CALMARIA COM CLIMA DE ROÇA

Mas não acaba ainda não.

Nas águas profundas lá embaixo, dá para fazer flutuação (olha ela aí de novo e com roupagem mais aventureira), e visitantes certificados podem mergulhar com cilindro, entre imensos cones calcários de até 20m de altura e esqueletos de animais que despencaram no abismo, como um tamanduá e um veado.

O valor do passeio é salgado (a partir de R$ 1.120) e inclui treinamento que deve ser feito, obrigatoriamente, no dia anterior, na sede da empresa no Centro da cidade. É tudo tão exclusivo que apenas 20 pessoas por dia podem visitar o local.

E já que as pernas estão bambas mesmo, por que não encarar mais uma aventura em Bonito?

A Boca da Onça é considerado o maior rapel de plataforma do Brasil, com 90m de altura pelo interior de um cânion. Ao final, a recompensa são banhos em duas cachoeiras dessa propriedade, a quase 60km da cidade.

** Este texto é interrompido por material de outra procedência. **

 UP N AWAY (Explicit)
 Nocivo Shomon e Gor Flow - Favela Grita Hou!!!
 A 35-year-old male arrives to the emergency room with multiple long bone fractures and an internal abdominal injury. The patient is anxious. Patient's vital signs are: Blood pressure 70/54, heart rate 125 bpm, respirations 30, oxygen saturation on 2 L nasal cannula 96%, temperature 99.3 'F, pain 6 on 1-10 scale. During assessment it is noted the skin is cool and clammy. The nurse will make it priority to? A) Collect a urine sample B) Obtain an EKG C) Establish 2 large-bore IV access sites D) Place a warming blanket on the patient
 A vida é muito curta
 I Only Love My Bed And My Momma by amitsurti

Certamente, você nem se lembrará da história quando a portinha de acesso à atividade se abrir bem abaixo dos pés. Diz a lenda que o nome da atração vem da época em que o antigo proprietário encontrou uma onça-pintada com um veado recém-caçado ainda na boca, durante sua inspeção diária na área do gado. Na tentativa de salvar a presa, o fazendeiro travou uma luta com o felino até conseguir arrancar-lhe a futura refeição.

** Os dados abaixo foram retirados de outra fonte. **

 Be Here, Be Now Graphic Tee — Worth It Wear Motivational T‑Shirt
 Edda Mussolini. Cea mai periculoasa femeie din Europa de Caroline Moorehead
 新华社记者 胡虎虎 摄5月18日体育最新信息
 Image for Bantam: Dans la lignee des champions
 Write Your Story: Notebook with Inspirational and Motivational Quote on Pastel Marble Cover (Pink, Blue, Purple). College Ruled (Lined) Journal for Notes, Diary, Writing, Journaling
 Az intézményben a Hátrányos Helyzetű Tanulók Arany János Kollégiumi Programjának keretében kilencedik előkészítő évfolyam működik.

Para visitantes menos intrépidos, a fazenda tem uma trilha de pouco mais de 4km que passa por quase dez quedas d’água, incluindo seu ponto mais aguardado, a Cachoeira Boca da Onça, a mais alta do Mato Grosso do Sul, com 156m de queda.

Assim como quase todos os atrativos de Bonito, o local abriga um receptivo, equipado com área de lazer como museu, piscina de água corrente e almoço típico de fazenda (incluso no combo rapel e trilha).

Calmaria com clima de roça

Fazer turismo em Bonito não significa manter a adrenalina sempre nas alturas. Há espaço para calmaria e contemplação.

TUDO SOA, LITERALMENTE, FAMILIAR

E aqui vale voltar um pouco no tempo. Entre 1869 e 1915, este paraíso se chamava Fazenda Rincão Bonito. E antes de se tornar município, em 1948, seria também chamado de Distrito de Paz de Bonito e, mais tarde, Distrito de Paz de Miranda, subordinado ao hoje município limítrofe Miranda. Daqueles tempos rurais, Bonito guarda atrativos que convidam a se entregar a experiências em fazenda em seus arredores.

Vencedora de prêmios por suas práticas sustentáveis, como os prêmios ECO e Braztoa, a Estância Mimosa é uma típica fazenda mato-grossense-do-sul, localizada a 26km de Bonito. A partir da sede, em frente a um lago com exemplares de jacarés-de-papo-amarelo, é possível fazer uma trilha de quase 3km, parte dela sobre passarelas suspensas que levam a cachoeiras para banho ou cavalgar pelo interior da propriedade de 422 hectares.

— A ideia é que o visitante se sinta integrado a uma rotina de uma fazenda autossustentável da região — descreve o gerente de turismo, Thyago Sabino.

Com mais de 60% de suas terras em área de RPPN (Reserva Particular do Patrimônio Natural), a Mimosa conta também com guias que acompanham turistas em atividades como observação de aves. A julgar pela barulheira dos pássaros logo pela manhã, quando chegam os primeiros visitantes, dá para ver que não é tarefa difícil encontrar algumas das 250 espécies registradas na propriedade. As atividades são acompanhadas de almoço feito em fogão a lenha com produtos locais, como o caribeu pantaneiro, um guisado de mandioca com carne de sol.

Seguindo mais adiante, o turista tem mais uma prova de que, em Bonito, tudo soa, literalmente, familiar. Não apenas pelo atendimento em cada uma das atrações, mas também pelo esforço que aquela gente tem em transformar áreas abandonadas em empreendimento turístico de sucesso.

O que um dia foi um imenso buraco usado para treinamento militar e até descarte de lixo, em Jardim, atualmente, é uma das maiores dolinas do mundo e santuário de araras-vermelhas que sobrevoam nossas cabeças.

Com 500m de circunferência e 100m de profundidade, o chamado Buraco das Araras tem visitas guiadas, por uma trilha leve de 970m de extensão, até deques de madeira para observação das cerca de 120 aves que frequentam a RPPN.

Mais uma vez, Bonito e seu entorno levam o visitante para dentro da natureza e da alma de aventureiro.